However, a rival/enemy had been following him, and in the World-between-the-Worlds, they switched his marker from the pool that leads back to Earth. Mr. Wonka found himself in the Underworld...
Here, they took the magic rings away, and the Silver Apple. Although neither the apple or the rings would work on spirits from the underworld, and they don't need the rings anyway, they do need candy. And candy, they made him make. The fruit they planted, hoping to grow a _reverse_ Tree. 
However, they did not know the properties of the new tree; they haven't exactly been able to do much experimenting down there, and most of the smart people go to heaven...but living humans always make handy guinea pigs. Using this fruit, Willie Wonka made his finest chocolate yet. A peanut butter M&M. 

Don't ask me how you get peanut butter from Silver Apples, this is an ebay ad. Technicalities don't come into it. The fact it's peanut butter, _proves_ it's evil.

Because of the nature of the tree, anyone who eats of this fruit illegally will abhor it forever more, to the point where you will not be able to enter Hades, as long as that tree stands. 
However, do not think that eating this M&M will give you eternal youth and strength. Oh no, not this. Because this tree grew in Hades, it cannot give life. That's just contrary to the nature of the place. You will eventually die, in your usual time, but you will not be able to leave your body. You have to stay in it, as it rots. 
However, as long as you live for your natural life span, it will make you good-looking, and strong. Think this through, people. The pros clearly outweigh the cons, by far. Willie Wonka only made four of these, so get in now!

A former employer(should be fairly obvious why he is no longer employed) was able to distribute these four m&ms in four different factories. They were packed normally, but due to the twisted nature of the m&m, it absorbs whatever good qualities from similar objects around it...so it slowly sucked all the other, normal m&ms into itself. 
Now, it remains a solitary magical m&m in the unopened packet. To try protect it from absorbing the entire world, it is encased in a zip-lock bag. Because as we all know, there is nothing good whatsoever to suck from plastic zip-lock bags, even if it could get out of the packet.
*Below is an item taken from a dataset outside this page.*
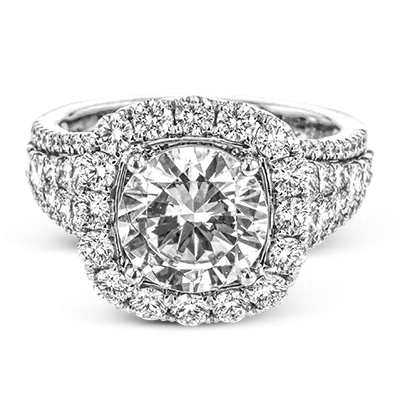 Engagement Ring in 18k Gold with Diamonds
If you eat this, you won't absorb things quite so efficiently, but you will be able to take on qualities and virtues that your perfect big brother has, or your size 0 BFF, or even Brad Pitt, if you can get close enough to absorb his looks.
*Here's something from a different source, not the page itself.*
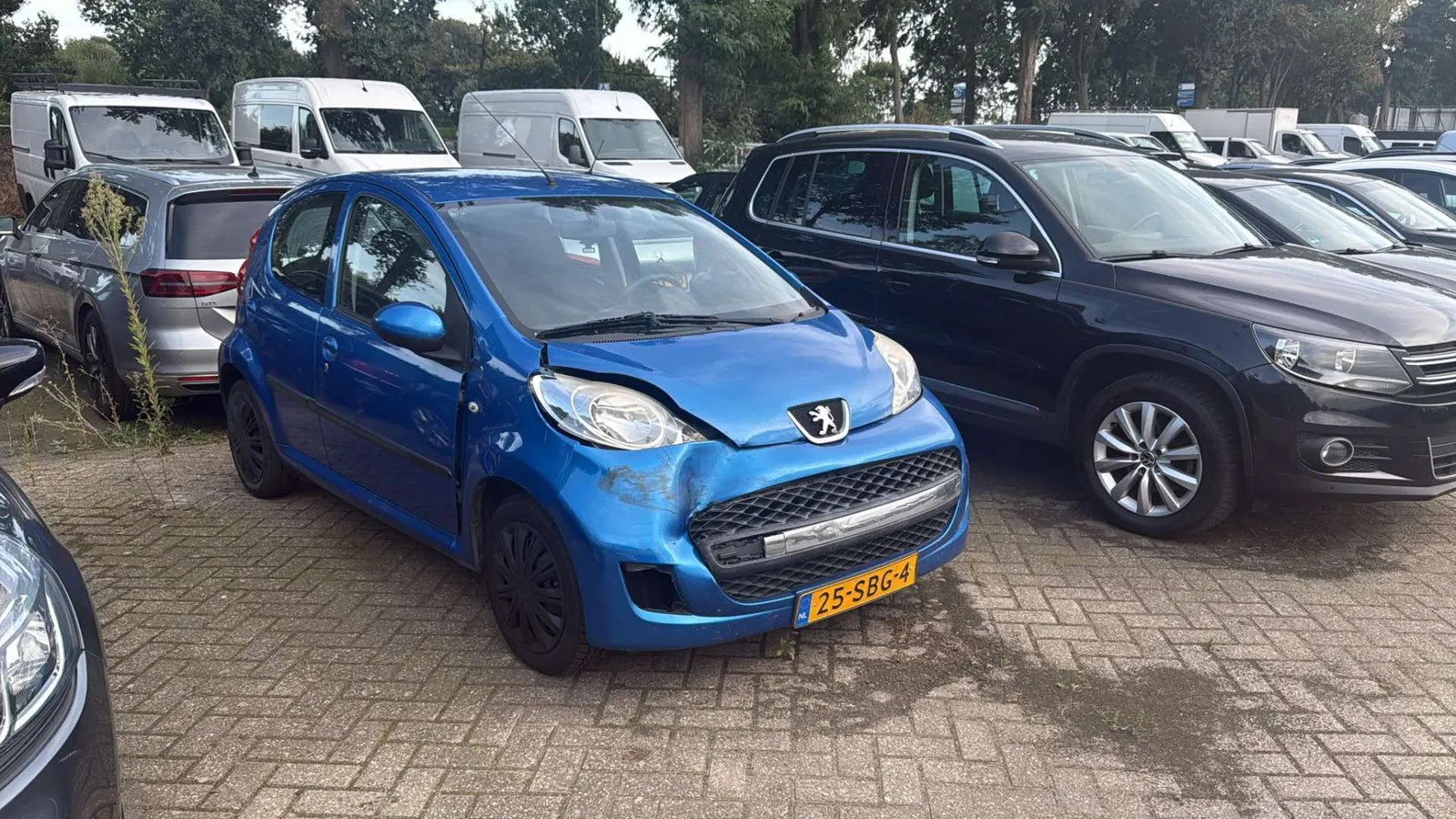 Peugeot 107 2011 photo 2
I'm bored with writing now. I don't know if this even makes logical sense, or flows properly haha.


----------



## I_heart_Fraggles (Nov 30, 2012)

OMG!!!!!!!!!!! :shock::shock::shock::shock::shock::shock::shock::shock::shock::shock::shock:


----------



## Anaira (Nov 30, 2012)

I just woke up and read through it. Bahahaha, oh man, my mind was really working strangely yesterday. Hey, you wanted me to try!


----------



## Ilovemyrabbit (Dec 11, 2012)

Who won???


----------



## MarisaAndToby (Dec 19, 2012)

Yeaaaah Katie. Whatever happened with this!


----------



## I_heart_Fraggles (Dec 19, 2012)

OMG I forgot....I will post a voting thread ASAP


----------